*** Opening Dataset ***
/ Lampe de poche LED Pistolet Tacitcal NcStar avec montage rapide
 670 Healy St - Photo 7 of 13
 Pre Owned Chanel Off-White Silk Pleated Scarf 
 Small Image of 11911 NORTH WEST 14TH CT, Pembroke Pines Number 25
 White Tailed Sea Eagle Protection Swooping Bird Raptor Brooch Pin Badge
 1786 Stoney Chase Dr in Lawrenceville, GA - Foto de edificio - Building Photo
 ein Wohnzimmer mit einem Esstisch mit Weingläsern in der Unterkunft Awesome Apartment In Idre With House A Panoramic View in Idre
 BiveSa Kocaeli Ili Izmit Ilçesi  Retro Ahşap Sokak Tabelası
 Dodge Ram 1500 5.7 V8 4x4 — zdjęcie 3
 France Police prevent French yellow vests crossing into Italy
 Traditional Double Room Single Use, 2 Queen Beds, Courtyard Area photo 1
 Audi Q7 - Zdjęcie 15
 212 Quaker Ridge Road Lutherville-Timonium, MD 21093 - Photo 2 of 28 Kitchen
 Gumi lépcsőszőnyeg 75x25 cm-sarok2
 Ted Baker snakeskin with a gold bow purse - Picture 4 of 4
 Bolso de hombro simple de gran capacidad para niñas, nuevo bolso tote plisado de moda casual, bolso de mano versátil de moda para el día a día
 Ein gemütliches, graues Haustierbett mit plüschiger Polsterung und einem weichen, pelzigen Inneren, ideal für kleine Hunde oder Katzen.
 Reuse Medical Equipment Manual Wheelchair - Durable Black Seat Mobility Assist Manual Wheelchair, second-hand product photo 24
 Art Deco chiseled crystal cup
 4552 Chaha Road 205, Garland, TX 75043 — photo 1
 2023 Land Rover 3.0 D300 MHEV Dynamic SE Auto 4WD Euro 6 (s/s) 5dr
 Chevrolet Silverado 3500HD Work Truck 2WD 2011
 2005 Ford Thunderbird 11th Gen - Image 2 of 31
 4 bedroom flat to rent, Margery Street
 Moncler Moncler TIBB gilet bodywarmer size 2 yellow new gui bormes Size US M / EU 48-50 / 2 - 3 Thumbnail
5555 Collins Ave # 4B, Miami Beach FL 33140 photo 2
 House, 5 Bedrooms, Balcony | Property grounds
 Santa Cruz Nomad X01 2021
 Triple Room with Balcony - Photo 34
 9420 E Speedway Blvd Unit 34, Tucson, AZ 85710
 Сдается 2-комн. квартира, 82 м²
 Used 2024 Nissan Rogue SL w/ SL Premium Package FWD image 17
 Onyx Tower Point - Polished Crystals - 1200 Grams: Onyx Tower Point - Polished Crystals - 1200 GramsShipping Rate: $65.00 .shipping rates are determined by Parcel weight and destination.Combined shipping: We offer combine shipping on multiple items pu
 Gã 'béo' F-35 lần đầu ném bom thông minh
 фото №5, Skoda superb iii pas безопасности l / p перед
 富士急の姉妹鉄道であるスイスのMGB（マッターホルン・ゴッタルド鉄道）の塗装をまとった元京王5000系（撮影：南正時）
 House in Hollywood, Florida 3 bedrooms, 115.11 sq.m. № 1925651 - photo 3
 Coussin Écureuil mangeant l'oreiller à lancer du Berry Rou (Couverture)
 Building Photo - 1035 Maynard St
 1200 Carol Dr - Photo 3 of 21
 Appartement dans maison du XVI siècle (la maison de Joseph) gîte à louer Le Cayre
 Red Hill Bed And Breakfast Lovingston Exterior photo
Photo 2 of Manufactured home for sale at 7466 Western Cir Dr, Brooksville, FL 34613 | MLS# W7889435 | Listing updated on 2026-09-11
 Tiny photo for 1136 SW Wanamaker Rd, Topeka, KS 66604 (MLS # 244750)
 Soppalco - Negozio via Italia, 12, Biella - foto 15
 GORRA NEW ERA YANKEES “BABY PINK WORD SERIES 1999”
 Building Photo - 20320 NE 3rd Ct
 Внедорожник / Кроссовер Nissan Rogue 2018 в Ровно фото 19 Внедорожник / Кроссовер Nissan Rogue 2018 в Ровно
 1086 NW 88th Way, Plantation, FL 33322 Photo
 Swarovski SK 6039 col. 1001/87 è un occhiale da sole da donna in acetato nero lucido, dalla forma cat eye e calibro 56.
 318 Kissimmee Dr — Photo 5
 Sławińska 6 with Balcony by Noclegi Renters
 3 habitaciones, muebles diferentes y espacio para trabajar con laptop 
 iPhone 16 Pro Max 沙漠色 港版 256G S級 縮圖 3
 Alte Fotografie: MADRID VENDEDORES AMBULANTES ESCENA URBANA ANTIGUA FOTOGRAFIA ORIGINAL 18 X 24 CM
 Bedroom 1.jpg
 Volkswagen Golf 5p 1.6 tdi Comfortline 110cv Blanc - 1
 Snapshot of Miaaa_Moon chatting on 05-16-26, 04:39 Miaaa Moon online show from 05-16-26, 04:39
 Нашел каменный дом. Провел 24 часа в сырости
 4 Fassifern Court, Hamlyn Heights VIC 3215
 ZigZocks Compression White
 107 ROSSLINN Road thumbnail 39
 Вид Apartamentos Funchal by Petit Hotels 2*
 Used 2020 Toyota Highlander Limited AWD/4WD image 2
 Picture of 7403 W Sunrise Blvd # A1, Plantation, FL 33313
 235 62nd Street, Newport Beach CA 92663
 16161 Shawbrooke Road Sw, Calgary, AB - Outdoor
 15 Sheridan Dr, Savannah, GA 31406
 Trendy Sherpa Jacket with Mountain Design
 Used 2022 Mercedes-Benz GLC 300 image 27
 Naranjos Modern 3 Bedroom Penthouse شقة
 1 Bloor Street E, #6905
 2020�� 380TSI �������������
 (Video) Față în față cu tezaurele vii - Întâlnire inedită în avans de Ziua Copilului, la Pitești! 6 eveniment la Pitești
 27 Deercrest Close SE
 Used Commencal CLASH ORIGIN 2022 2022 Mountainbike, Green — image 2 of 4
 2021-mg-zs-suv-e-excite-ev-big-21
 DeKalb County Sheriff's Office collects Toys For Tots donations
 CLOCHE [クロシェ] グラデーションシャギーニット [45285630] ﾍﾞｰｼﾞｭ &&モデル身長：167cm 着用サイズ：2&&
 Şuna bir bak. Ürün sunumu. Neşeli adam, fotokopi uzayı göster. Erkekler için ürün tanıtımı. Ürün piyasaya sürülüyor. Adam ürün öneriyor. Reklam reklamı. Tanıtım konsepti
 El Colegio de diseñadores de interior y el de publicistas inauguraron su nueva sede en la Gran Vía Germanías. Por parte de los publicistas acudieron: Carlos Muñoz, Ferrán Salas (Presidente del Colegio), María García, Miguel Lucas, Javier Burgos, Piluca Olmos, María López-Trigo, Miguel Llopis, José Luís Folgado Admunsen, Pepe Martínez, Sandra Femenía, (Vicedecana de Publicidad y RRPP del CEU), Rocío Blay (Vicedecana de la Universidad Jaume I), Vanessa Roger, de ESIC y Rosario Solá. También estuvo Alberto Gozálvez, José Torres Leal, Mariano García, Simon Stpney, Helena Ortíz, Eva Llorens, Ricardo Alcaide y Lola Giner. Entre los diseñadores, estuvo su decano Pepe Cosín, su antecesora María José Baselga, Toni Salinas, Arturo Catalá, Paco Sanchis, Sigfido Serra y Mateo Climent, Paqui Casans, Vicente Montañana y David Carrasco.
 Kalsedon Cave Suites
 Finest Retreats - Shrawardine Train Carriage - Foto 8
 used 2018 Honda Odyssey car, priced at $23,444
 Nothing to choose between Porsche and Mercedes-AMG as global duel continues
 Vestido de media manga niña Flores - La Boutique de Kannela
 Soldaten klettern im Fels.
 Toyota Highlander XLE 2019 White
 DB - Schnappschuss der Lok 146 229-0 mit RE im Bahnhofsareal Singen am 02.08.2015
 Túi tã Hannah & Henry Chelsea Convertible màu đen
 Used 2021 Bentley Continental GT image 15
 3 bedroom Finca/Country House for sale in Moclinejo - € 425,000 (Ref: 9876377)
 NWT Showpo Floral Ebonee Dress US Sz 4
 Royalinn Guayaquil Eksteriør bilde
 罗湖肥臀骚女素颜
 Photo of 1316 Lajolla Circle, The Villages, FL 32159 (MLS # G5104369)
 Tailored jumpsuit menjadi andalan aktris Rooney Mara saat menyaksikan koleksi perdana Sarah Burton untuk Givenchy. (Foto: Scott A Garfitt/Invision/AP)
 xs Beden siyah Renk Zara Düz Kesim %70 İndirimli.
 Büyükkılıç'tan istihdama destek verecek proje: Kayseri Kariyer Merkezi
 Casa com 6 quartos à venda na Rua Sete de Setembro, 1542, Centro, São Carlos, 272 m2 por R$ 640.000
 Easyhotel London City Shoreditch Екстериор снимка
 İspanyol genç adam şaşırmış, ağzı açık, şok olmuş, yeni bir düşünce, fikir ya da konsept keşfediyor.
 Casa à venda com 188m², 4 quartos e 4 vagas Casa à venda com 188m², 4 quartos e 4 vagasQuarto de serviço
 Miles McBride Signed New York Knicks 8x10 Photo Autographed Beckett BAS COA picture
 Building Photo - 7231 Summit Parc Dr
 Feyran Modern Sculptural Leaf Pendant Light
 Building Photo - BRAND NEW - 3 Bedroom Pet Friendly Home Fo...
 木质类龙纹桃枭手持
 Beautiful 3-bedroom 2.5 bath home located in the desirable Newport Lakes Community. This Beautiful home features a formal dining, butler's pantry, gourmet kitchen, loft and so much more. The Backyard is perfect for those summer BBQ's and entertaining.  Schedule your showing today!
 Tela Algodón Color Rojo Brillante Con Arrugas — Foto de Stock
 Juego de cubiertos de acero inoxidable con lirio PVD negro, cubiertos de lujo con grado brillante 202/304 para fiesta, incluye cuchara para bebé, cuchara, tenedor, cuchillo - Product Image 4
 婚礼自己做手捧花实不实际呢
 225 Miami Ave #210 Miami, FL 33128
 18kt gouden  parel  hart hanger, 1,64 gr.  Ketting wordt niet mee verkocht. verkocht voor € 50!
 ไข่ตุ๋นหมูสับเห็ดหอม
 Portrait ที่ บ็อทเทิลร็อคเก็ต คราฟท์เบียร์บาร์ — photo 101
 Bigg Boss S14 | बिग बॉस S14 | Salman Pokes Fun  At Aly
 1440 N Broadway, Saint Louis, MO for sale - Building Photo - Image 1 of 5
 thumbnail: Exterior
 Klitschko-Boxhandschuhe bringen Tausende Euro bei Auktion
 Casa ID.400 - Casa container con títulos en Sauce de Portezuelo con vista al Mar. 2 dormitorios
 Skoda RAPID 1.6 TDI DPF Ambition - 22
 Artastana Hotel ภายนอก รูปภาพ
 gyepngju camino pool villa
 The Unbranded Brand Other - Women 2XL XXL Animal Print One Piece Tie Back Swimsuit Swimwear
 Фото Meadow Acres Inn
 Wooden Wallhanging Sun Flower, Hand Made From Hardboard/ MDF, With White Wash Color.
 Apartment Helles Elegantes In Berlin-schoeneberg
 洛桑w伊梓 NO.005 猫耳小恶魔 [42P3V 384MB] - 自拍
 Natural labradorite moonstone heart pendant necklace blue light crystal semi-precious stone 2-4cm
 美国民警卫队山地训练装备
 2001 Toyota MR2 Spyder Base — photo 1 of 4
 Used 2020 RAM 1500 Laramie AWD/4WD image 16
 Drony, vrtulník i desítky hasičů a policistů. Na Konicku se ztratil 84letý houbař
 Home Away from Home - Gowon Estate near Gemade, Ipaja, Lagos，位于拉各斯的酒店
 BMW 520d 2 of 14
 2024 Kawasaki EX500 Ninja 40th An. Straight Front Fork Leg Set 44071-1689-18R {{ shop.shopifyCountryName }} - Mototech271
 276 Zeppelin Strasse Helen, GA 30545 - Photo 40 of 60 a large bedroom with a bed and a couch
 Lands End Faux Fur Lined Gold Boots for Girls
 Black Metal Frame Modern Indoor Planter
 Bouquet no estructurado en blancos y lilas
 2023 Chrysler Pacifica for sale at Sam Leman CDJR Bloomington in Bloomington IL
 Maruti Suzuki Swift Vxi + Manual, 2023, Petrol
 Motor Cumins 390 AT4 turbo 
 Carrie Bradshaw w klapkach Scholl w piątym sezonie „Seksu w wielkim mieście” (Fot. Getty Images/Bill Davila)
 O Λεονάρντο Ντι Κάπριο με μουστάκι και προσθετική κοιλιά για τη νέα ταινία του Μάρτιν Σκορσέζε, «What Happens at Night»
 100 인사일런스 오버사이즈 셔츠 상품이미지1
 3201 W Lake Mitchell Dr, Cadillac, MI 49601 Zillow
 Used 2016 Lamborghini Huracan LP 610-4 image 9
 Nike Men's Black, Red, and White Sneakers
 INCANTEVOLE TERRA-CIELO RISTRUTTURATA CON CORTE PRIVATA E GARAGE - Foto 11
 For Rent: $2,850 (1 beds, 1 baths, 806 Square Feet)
*** Closing Dataset ***
Task statement:
Every line that holds the word "Apartment" should be copied from the records above.

Response box:
 ein Wohnzimmer mit einem Esstisch mit Weingläsern in der Unterkunft Awesome Apartment In Idre With House A Panoramic View in Idre
 Apartment Helles Elegantes In Berlin-schoeneberg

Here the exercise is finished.